Os padrões podem dar certo talvez pelo efeito placebo: achamos que vamos ter melhor rendimento usando certos padrões (é como uma superstição). É como regular sua alimentação e ver efeitos positivos, e então acreditar que descobriu um novo método. E isto aí vira sabedoria popular e vai passando de boca em boca. Como os sacrifícios humanos para os deuses ou para ajudar na agricultura e clima (a civilização Maia fazia isto). Max Gunther, no seu livro "O Fator Sorte" diz que há duas leis estatísticas: (a) tudo pode acontecer e (b) se algo pode acontecer, vai acontecer algum dia, pelo grande volume de casos (por exemplo, cair 5 vezes o mesmo número na roleta em algum cassino do mundo, algum dia). Gunther também fala da Sincronicidade

Segundo a Wikipedia, Sincronicidade "é um conceito desenvolvido por Carl Gustav Jung para definir acontecimentos que se relacionam não por relação causal e sim por relação de significado. Desta forma, é necessário que consideremos os eventos sincronísticos não a relacionado com o princípio da causalidade, mas por terem um significado igual ou semelhante. A sincronicidade é também referida por Jung de 'coincidência significativa' ". Um exemplo é o caso de um americano que lutou na Guerra da Coréia e teve um filho por lá. Mas nem sabia disto. O filho foi trabalhar nos EUA e não sabia nada do pai, a não ser seu nome. Um dia, aquele americano estava andando dirigindo pela estrada e resolveu parar num restaurante que não costumava. Quando foi pagar em cartão, o atendente viu o nome e adivinhem: era seu pai. Uma grande coincidência. Uma sincronicidade: tais eventos são comuns de ocorrer; o que determina sua relevância é que aconteceu com pai e filho que não se conheciam.

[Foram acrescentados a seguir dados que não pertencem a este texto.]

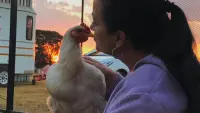 Задник до фильму"" #678948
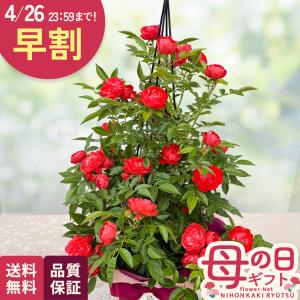 日本花キ流通 バラ咲き デンマークカクタス ピンクローズ 5号鉢 送料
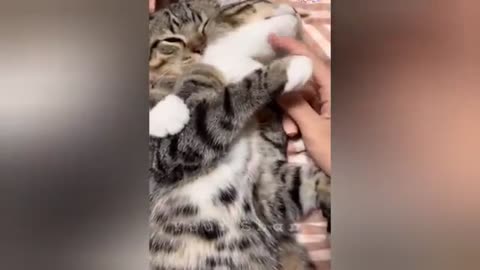 20 minutes of adorable cats and kittens videos to keep you smiling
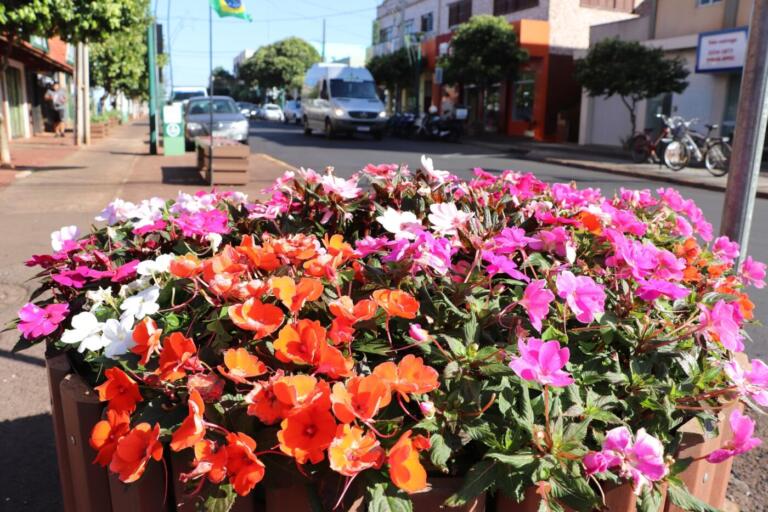 Empresários rondonenses “adotam” floreiras próximas aos seus comércios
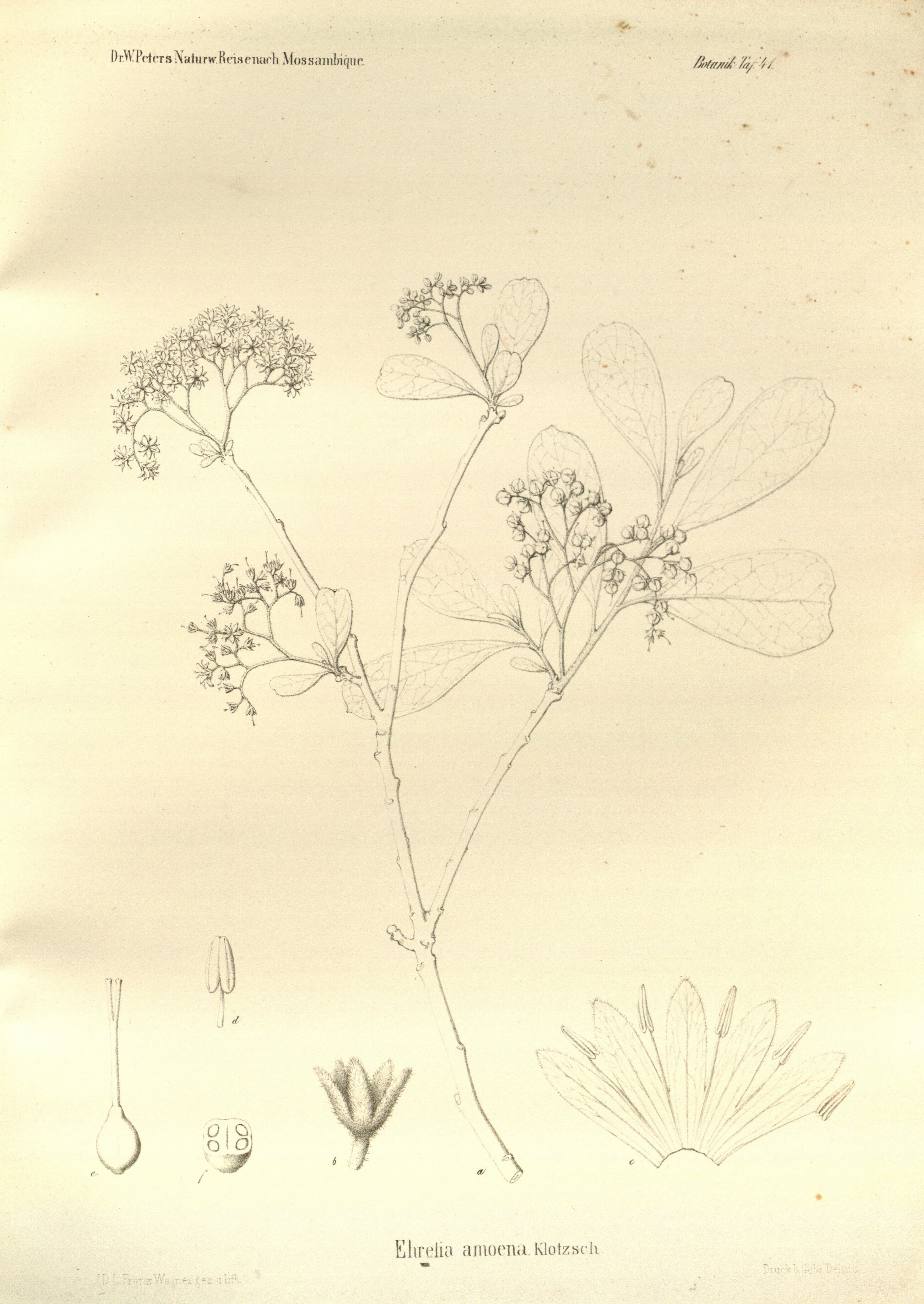 no full size  illustration available (3a)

O perigo de padronizar e classificar comportamentos é que acabamos estereotipando pessoas, colocamos rótulos em tudo (músicas, estilos de moda, épocas históricas, método de ensino, tipos de empresas, preços de produtos). Por um lado, ajuda a saber como tratar com as pessoas, como se comportar em outros países, em reuniões de negócios, entrevistas de emprego. A padronização facilita a nossa vida. Estabelecemos padrões para acordar, tomar banho, tomar café, escovar os dentes, pegar pasta de trabalho e chave e sair (chamamos rotina). Agiliza porque não precisamos parar para pensar no que vamos fazer em seguida. Permite pensar em outras coisas enquanto estamos fazendo as básicas.

Por outro lado, há autores que acham que isto faz a vida passar mais depressa. Como no filme Click. A organização, o padrão torna tudo monótono, sem graça. Por isto, muitos aconselham pessoas a viajar, conhecer pessoas e lugares novos, novas línguas e culturas. Se não puder viajar, leia. Ou converse com pessoas. Ou veja filmes. Mas faça algo novo, descubra algo novo. Saia da rotina.

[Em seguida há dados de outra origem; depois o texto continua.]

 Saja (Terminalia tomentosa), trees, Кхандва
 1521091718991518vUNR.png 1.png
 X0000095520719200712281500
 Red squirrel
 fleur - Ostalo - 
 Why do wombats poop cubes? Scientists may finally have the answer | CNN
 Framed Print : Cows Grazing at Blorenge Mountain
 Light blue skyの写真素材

Mas estamos condicionados. Usamos padrões para moldar nosso comportamento, para planejar nossos atos e nos ajudar a antecipar o futuro.

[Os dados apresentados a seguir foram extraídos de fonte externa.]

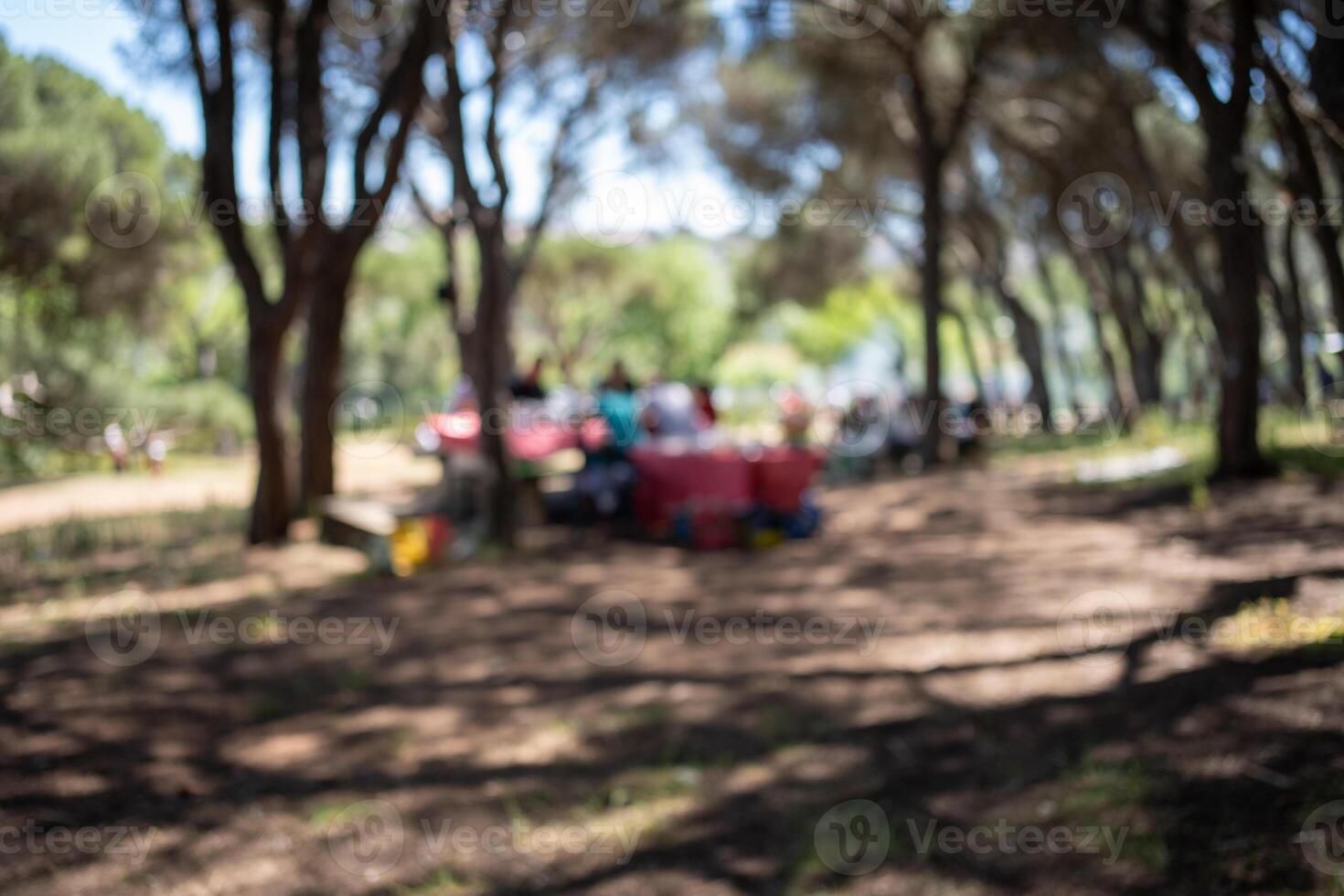Blurred shot people enjoying picnic in park photo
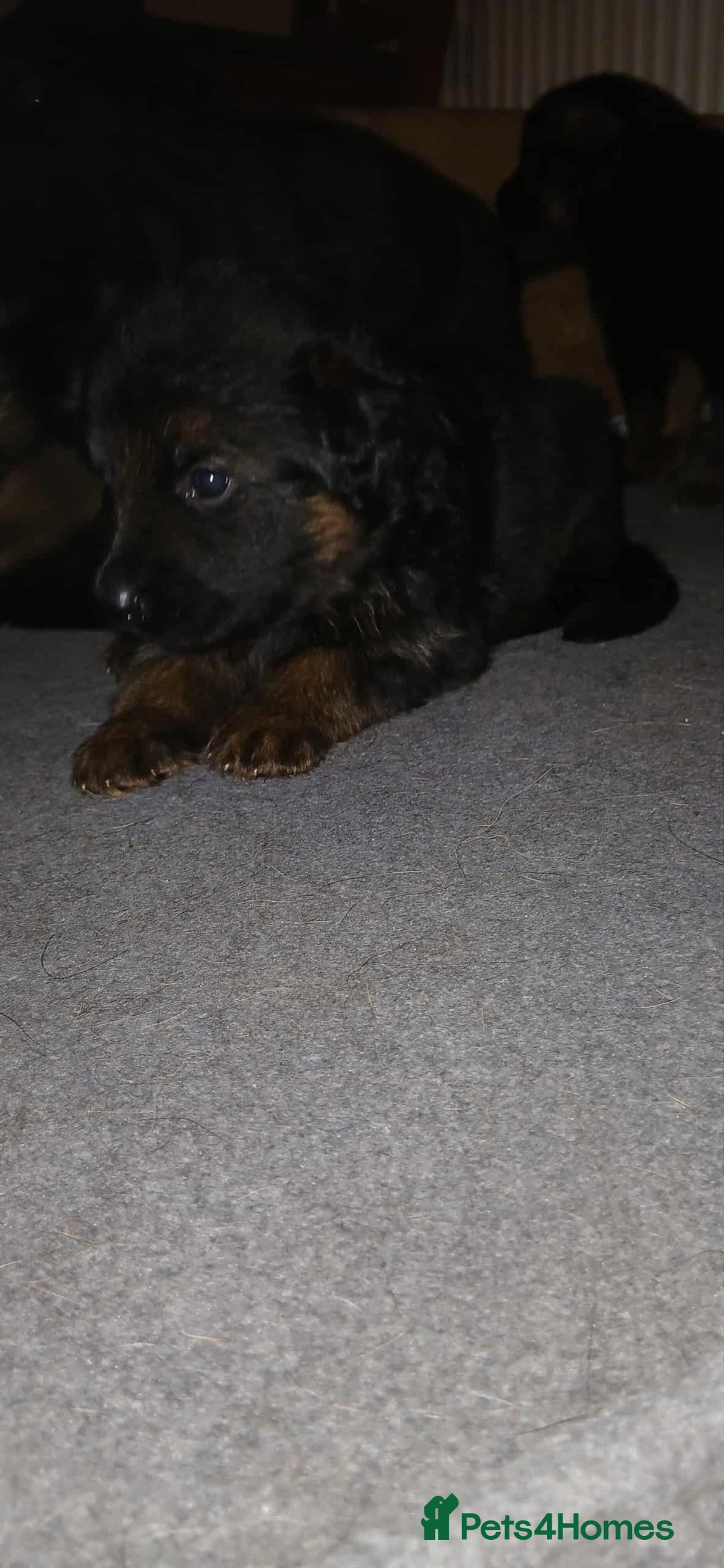 German Shepherd dogs for sale: Adorable German Shepherd Puppies  - Image 4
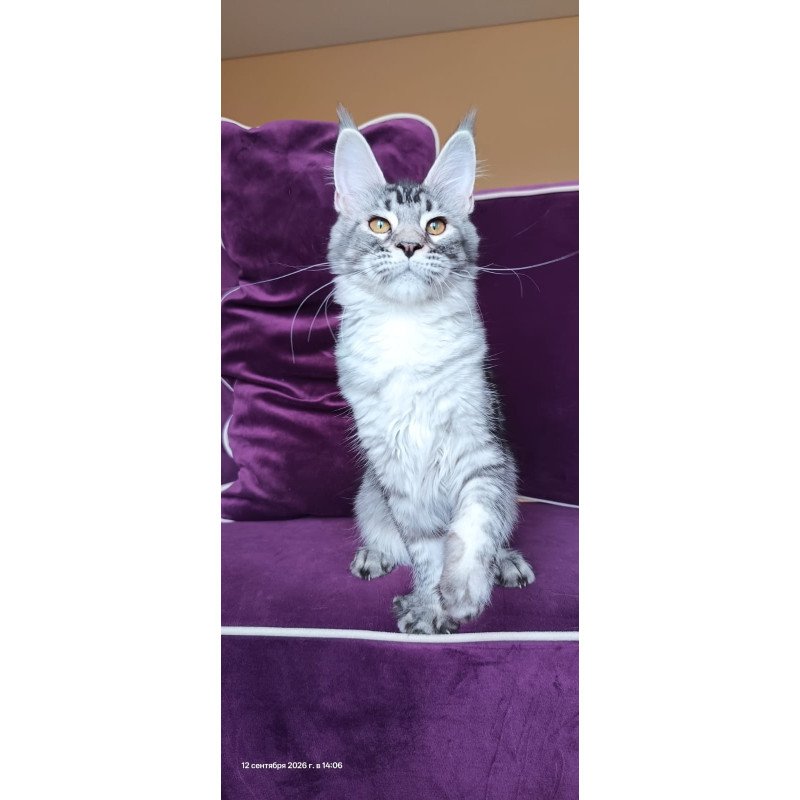 Maine Coon NOV Darsia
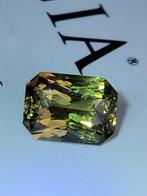 1 pcs Groen, Geel Alexandriet - 4.27 ct - Gemological, Nieuw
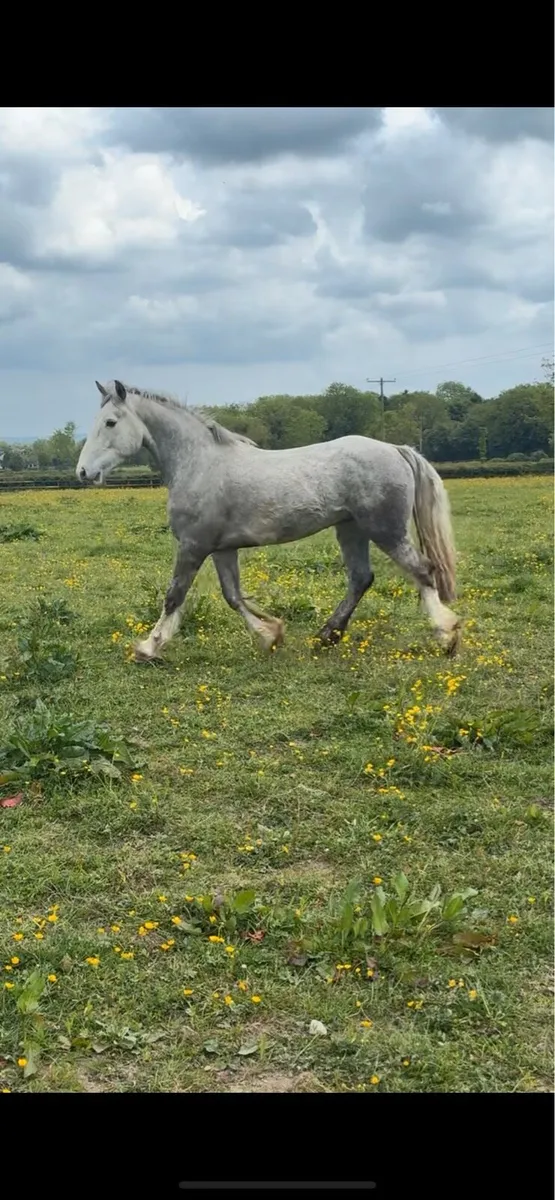 4 year old draught x cob gelding - Image 1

E se alguém mudar suas ideias ? Pode ? Ou será taxado de inconsistente ou incoerente, "diz uma coisa e faz outra", leviano.


O grande fato é que as informações que manipulamos estão se tornando altamente abstratas: o que pensamos sobre pessoas, princípios, ideologias, partidos políticos. E nossos sentimentos, intuições, nosso 6o sentido também. Está tudo entrando como parâmetro para nossos padrões, para nosso Personal Data Mining. E isto molda nosso comportamento.